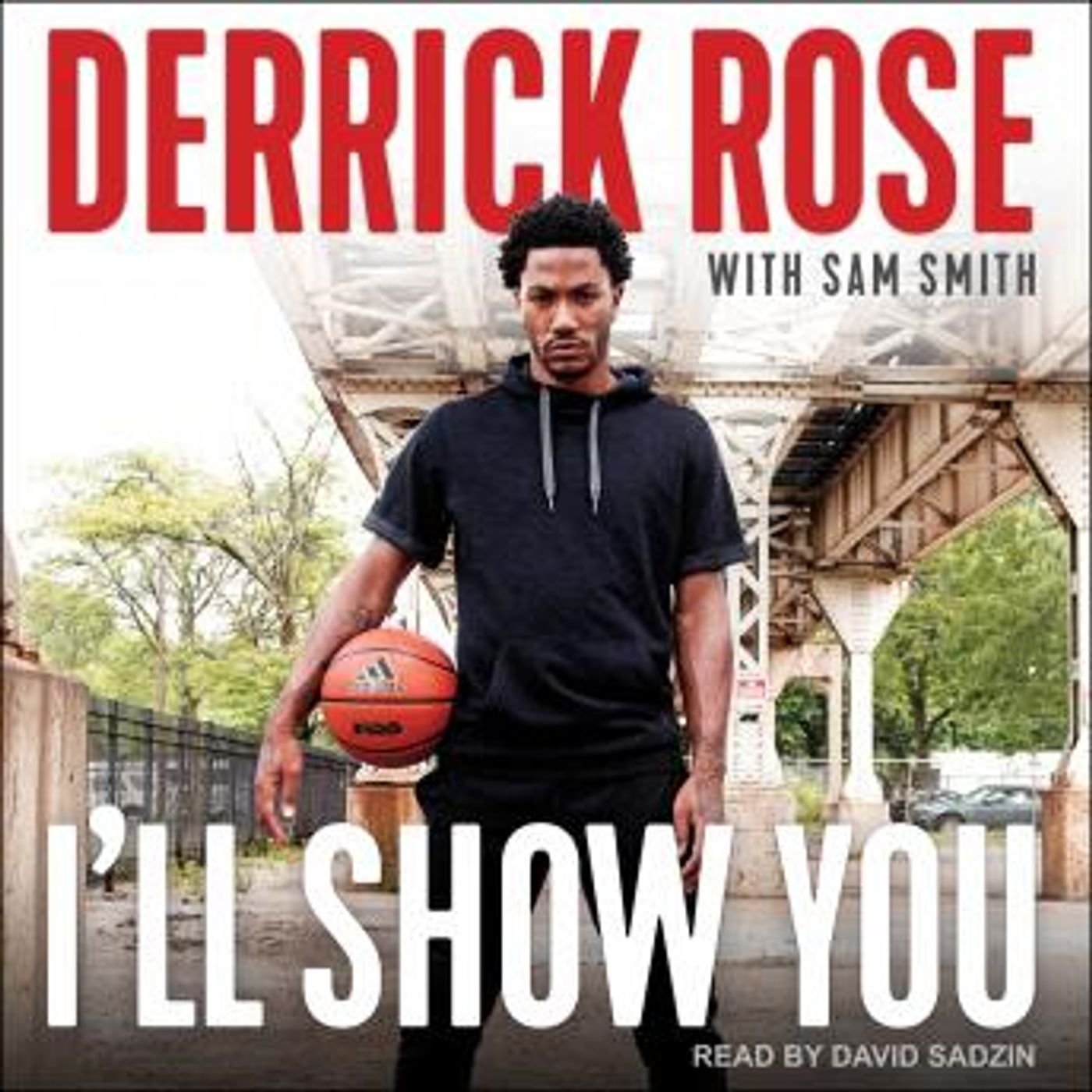 Best Full Audiobooks in Biography & Memoir, Sports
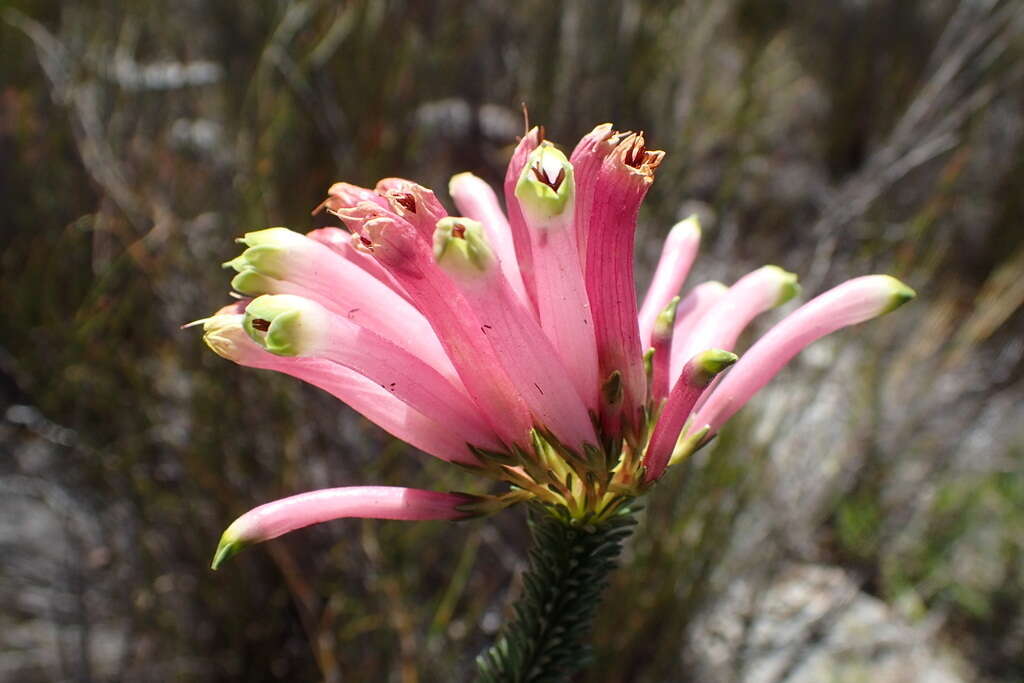 Image de <i>Erica <i>fascicularis</i></i> subsp. fascicularis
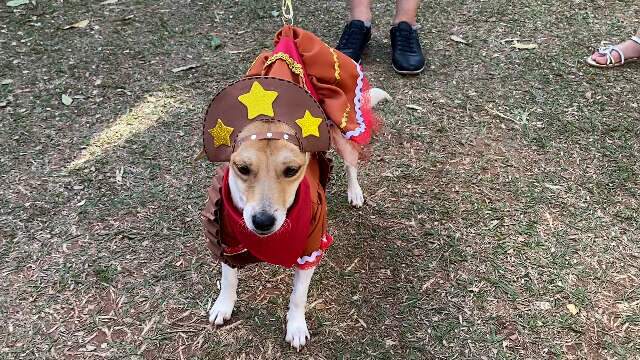 No Tiradentes, Arraiau mistura bingo, fantasia e amor pelos animais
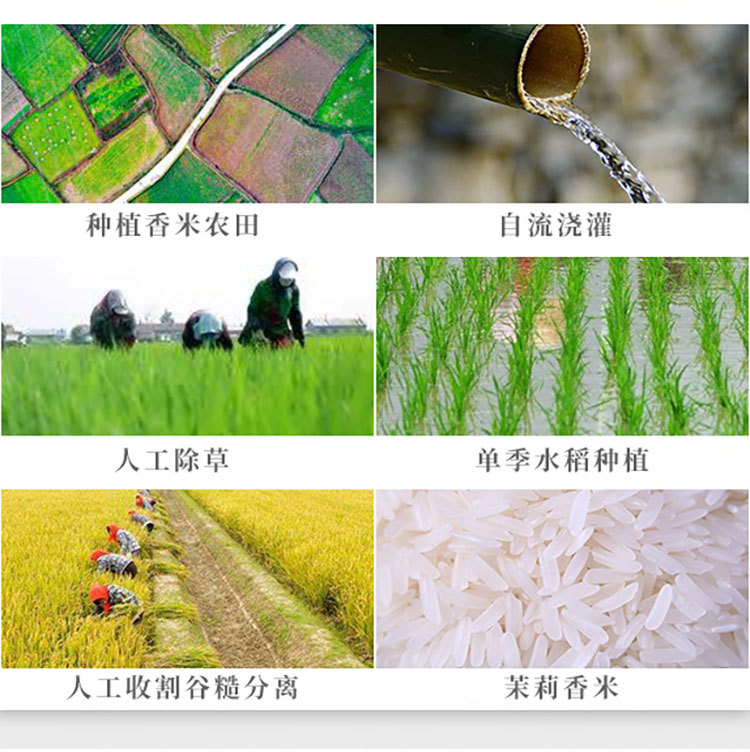 茉莉香米详情页_09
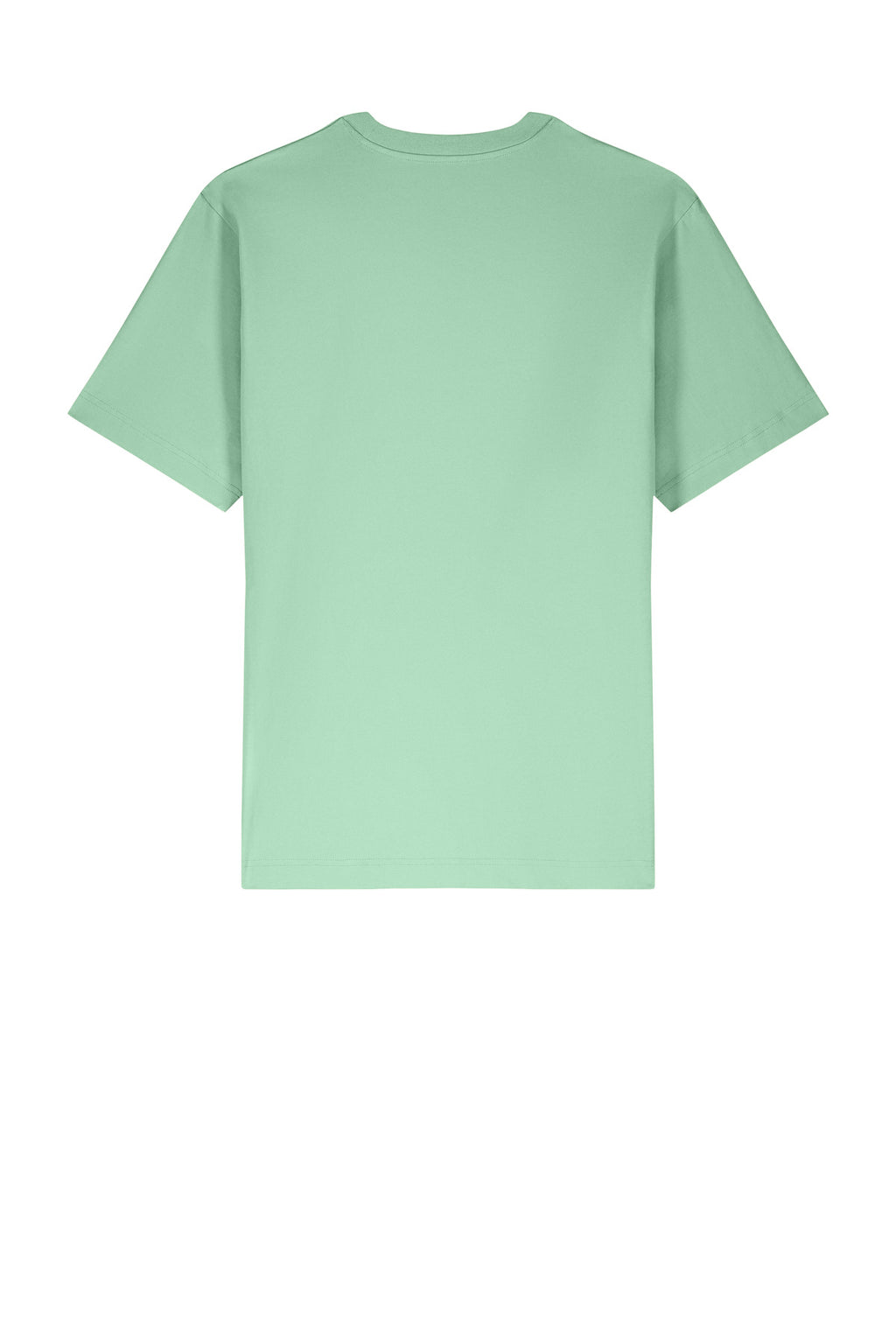 Rear View of MistyJade Stanley/Stella Unisex Freestyler Heavyweight Tee SXU018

--*--

■ Work request ■
If an entry holds an image, omit that image and print the remainder exactly as it stands.

■ Task response ■
 Best Full Audiobooks in Biography & Memoir, Sports
 Image de <i>Erica <i>fascicularis</i></i> subsp. fascicularis
 No Tiradentes, Arraiau mistura bingo, fantasia e amor pelos animais
 茉莉香米详情页_09
 Rear View of MistyJade Stanley/Stella Unisex Freestyler Heavyweight Tee SXU018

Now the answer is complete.